Omicron stalks UK jobs market after previous fears allayed

Britain’s jobs market appears to have brushed aside the ending of a salary support program that supported millions of jobs during the coronavirus pandemic

ByPan Pylas Associated Press
December 14, 2021, 8:33 AM
A man wearing a face mask walks on a platform at London Waterloo station, Monday, Dec. 13, 2021. Concerns about the new variant led Boris Johnson’s Conservative government to reintroduce restrictions that were lifted almost six months ago. Masks must
A man wearing a face mask walks on a platform at London Waterloo station, Monday, Dec. 13, 2021. Concerns about the new variant led Boris Johnson’s Conservative government to reintroduce restrictions that were lifted almost six months ago. Masks must be worn in most indoor settings, COVID-19 certificates must be shown to enter nightclubs and people are being urged to work from home if possible. (Victoria Jones/PA via AP)
The Associated Press

LONDON -- Britain’s jobs market appears to have brushed aside the ending of a salary support program that supported millions of jobs during the coronavirus pandemic, official figures showed Tuesday — before the emergence of the omicron variant raised new concerns over the unemployment outlook.

The Office for National Statistics found that the number of workers on payroll rose by a record 257,000 in November to a record 29.4 million. The statistics agency also found that the unemployment rate fell once more, to 4.2% in the three months to October.

Both measures provide further evidence that the end of the British government's Job Retention Scheme in September didn't lead to a mass of people joining the ranks of the unemployed.

Despite the buoyant jobs news, the Bank of England isn't expected to raise interest rates on Thursday for the first time since the pandemic began in early 2020, amid concerns over the rapid spread of omicron.

The variant's emergence over the past couple of weeks has created renewed uncertainty over the economic outlook, raising the specter of renewed job losses as firms respond to lower demand. One concern is that the spread of omicron will prompt many people to avoid going out, leading to lower sales in entertainment and food venues.

“Having enjoyed a brief and healthy return to normality, the labor market is now entering a tough new phase as omicron spreads, which will require further policy support," said Nye Cominetti, senior economist at the Resolution Foundation think tank.

Rate-setters at the bank had previously indicated that they were ready to raise the benchmark rate from the record low of 0.1% given the recent spike in inflation if the labor market managed to cope with the ending of the furlough program.

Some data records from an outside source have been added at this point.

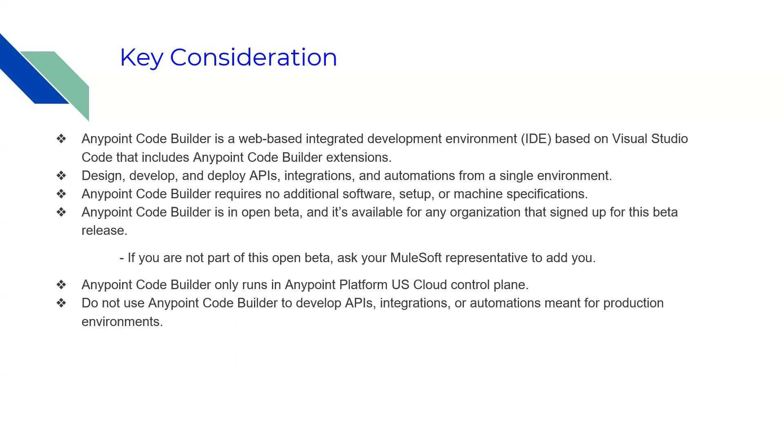I'm going to show the steps through my trial AnyPoint Platform account, so if you want to get a flavor of this AnyPoint Code Builder, you can do some R&D or play around with your trial version.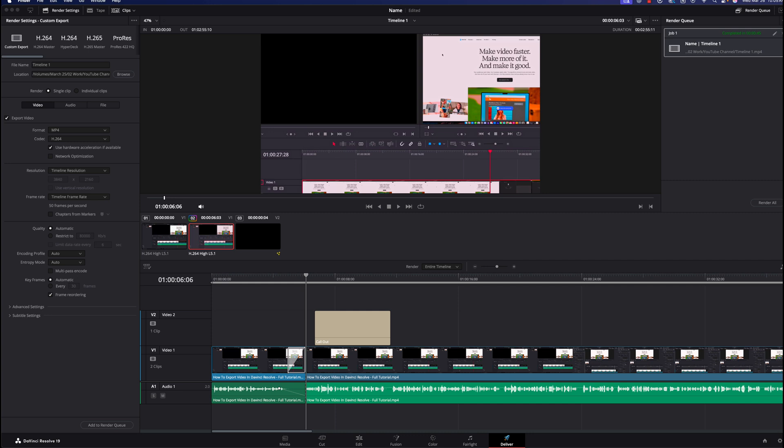That's it — you just edited your first video in DaVinci Resolve! Hopefully this tutorial helped you out. Please like and subscribe for more easy-to-follow tech tutorials. If you have any questions about DaVinci Resolve, drop them in the comments below. Myself and the community are happy to help. See you in the next video.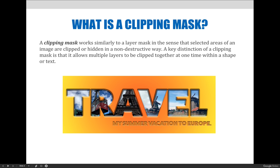That would work, but it's not the best option if you want to confine multiple images within a shape that might move across the page. When you create a layer mask, it's for a very specific area of the layer. If I wanted to move the letter A with the Eiffel Tower, I would have to redo the mask over and over again. So instead of using a layer mask in this situation, we'll use a clipping mask.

For much of the time the hugely expensive program was in place, the British government paid 80% of the salaries of employees unable to work because of lockdown measures. At its peak, it helped support over 11 million people. But with many workers returning to their jobs after pandemic restrictions lifted, that fell to a little more than 1 million at the end of the program in September.

Figures on Wednesday are set to show that consumer price inflation is running around double the Bank of England's target of 2% — largely as a result of the sharp increase in energy costs during this year's global economic recovery. However, with the British economy showing lackluster growth even before omicron and the reimposition of new restrictions, the pressure on rate-setters to raise rates has eased.

“Even though the fallout after the furlough scheme was smaller and shorter than the Bank of England had feared, concerns over the deteriorating COVID-19 situation will probably prevent it from raising interest rates this Thursday,” said Paul Dales, chief U.K. economist at Capital Economics.

In its annual assessment of the British economy, the International Monetary Fund cautioned about the inflation outlook but also urged authorities to be ready to respond in the event a more dangerous variant of the virus leads to fresh shutdowns of the economy, including reintroducing the furlough scheme.

“Risks are considerable in the period ahead,” it said. “In the near term, there is a risk of higher inflation but 2–3 years out the risk shifts to lower growth (as policy interventions pull inflation back).”